● What the exercise asks: Should a picture appear anywhere in the data, omit it and copy everything else exactly.

++++ Information provided

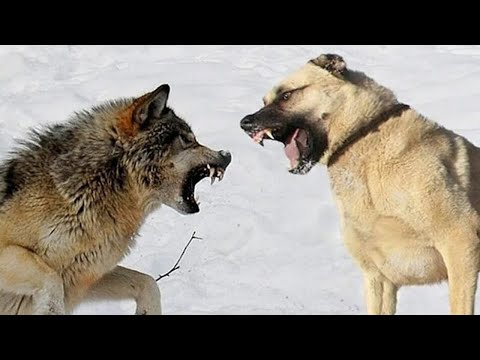 Видео: Кангал Против Волков Кавказская Овчарка в деле Сборник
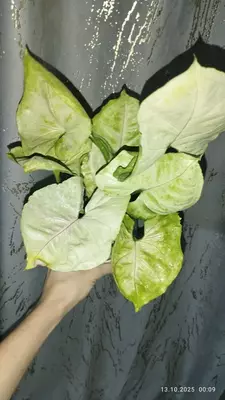 Singonium "Aljuzhen"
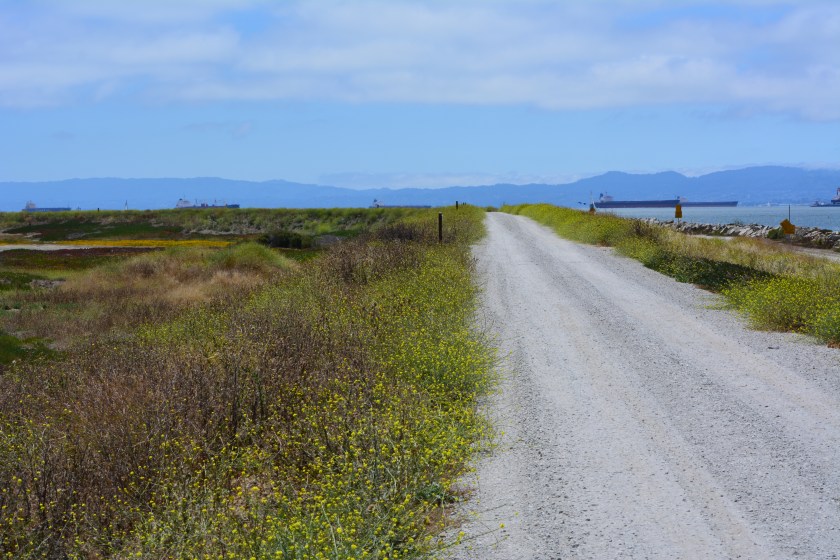 Trail on embankment at southwest corner of Alameda Point.  Looking south with San Francisco Bay to the right and ahead.  Additional trail to the right at riprap elevation.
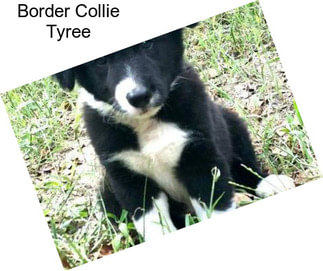 Border Collie Tyree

++++++++

● Output for this exercise:
 Видео: Кангал Против Волков Кавказская Овчарка в деле Сборник
 Singonium "Aljuzhen"
 Trail on embankment at southwest corner of Alameda Point.  Looking south with San Francisco Bay to the right and ahead.  Additional trail to the right at riprap elevation.
 Border Collie Tyree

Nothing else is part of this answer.